IRETON, HENRY (1611–1651), regicide, baptised 3 Nov. 1611, was the eldest son of German Ireton of Attenborough, near Nottingham. His father, who settled at Attenborough about 1605, was the younger brother of William Ireton of Little Ireton in Derbyshire (Cornelius Brown, Worthies of Nottinghamshire, p. 182). Henry became in 1626 a gentleman-commoner of Trinity College, Oxford, and took the degree of B.A. in 1629. According to Wood, ‘he had the character in that house of a stubborn and saucy fellow towards the seniors, and therefore his company was not at all wanting’ (Athenæ Oxon. ed. Bliss, iii. 298). In 1629 he entered the Middle Temple (24 Nov.), but was never called to the bar (The Trial of Charles I, with Biographies of Bradshaw, Ireton, &c., in Murray's Family Library, 1832, xxxi. 130).

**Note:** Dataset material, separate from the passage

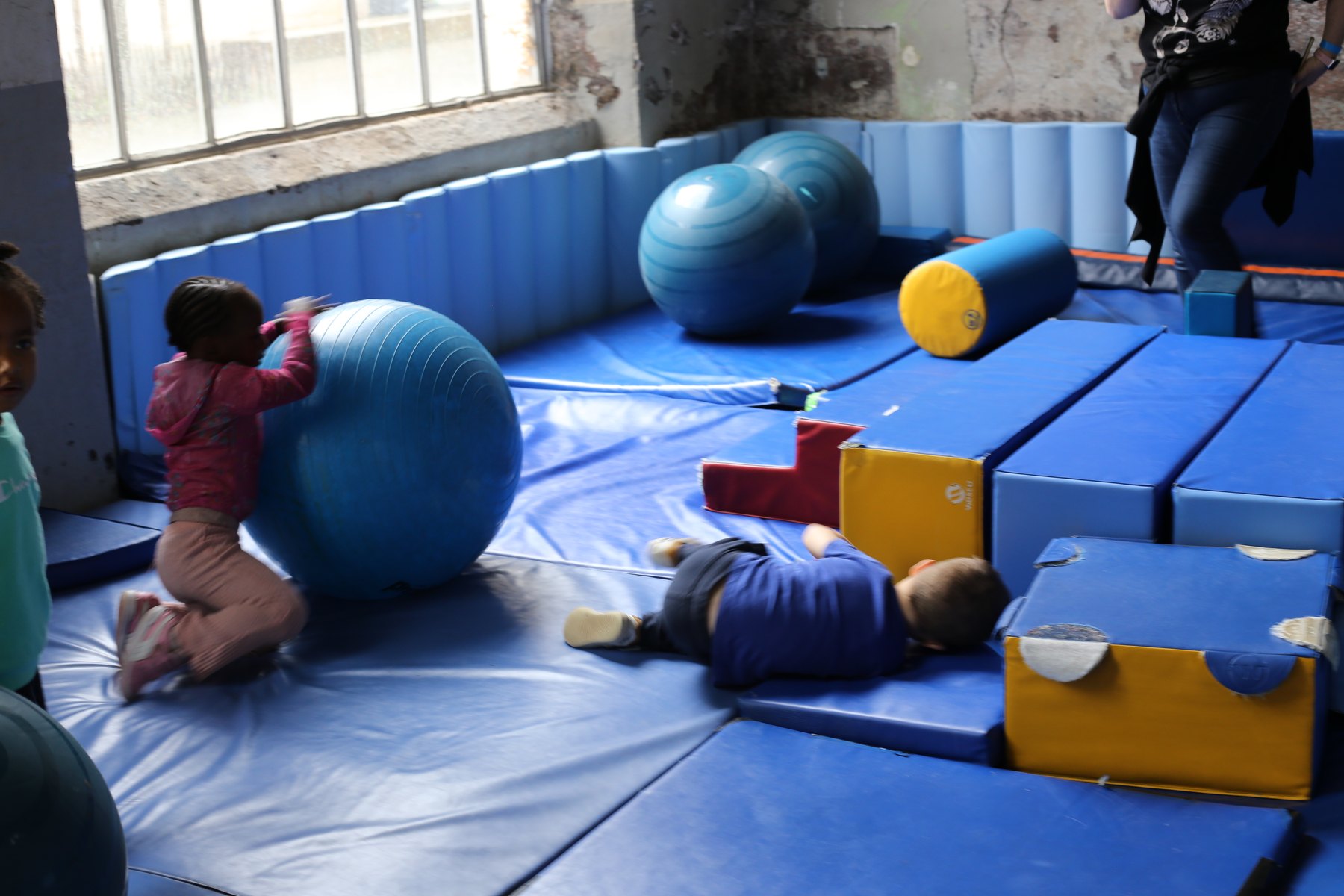 Exploración infantil entre materiales y color, imagen 22.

At the outbreak of the civil war Ireton was living on his estate in Nottinghamshire, ‘and having had an education in the strictest way of godliness, and being a man of good learning, great understanding, and other abilities, he was the chief promoter of the parliament's interest in the county’ (Hutchinson, Memoirs of Col. Hutchinson, ed. 1885, i. 168). On 30 June 1642 the House of Commons nominated Ireton captain of the troop of horse to be raised by the town of Nottingham (Commons' Journals, ii. 664). With this troop he joined the army of the Earl of Essex and fought at Edgehill, but returned to his native county with it at the end of 1642, and became major in Colonel Thornhagh's regiment of horse (Hutchinson, i. 169, 199). In July 1643 the Nottinghamshire horse took part in the victory at Gainsborough (28 July), and shortly afterwards Ireton ‘quite left Colonel Thornhagh's regiment, and began an inseparable league with Colonel Cromwell’ (ib. pp. 232, 234). He was appointed by Cromwell deputy governor of the Isle of Ely, began to fortify the isle, and was allowed such freedom to the sectaries that presbyterians complained it was become ‘a mere Amsterdam’ (Manchester's Quarrel with Cromwell, Camden Soc., 1875, pp. 39, 73). He served in Manchester's army during 1644, with the rank of quartermaster-general, and took part in the Yorkshire campaign and the second battle of Newbury. Although Ireton, in writing to Manchester, represented the distressed condition of the horse for want of money (Hist. MSS. Comm. 8th Rep. pt. ii. p. 61), he was anxious that Manchester should march west to join Waller, and after the miscarriages at Newbury supported Cromwell's accusation of Manchester by a most damaging deposition (Cal. State Papers, Dom. 1644–5, p. 158).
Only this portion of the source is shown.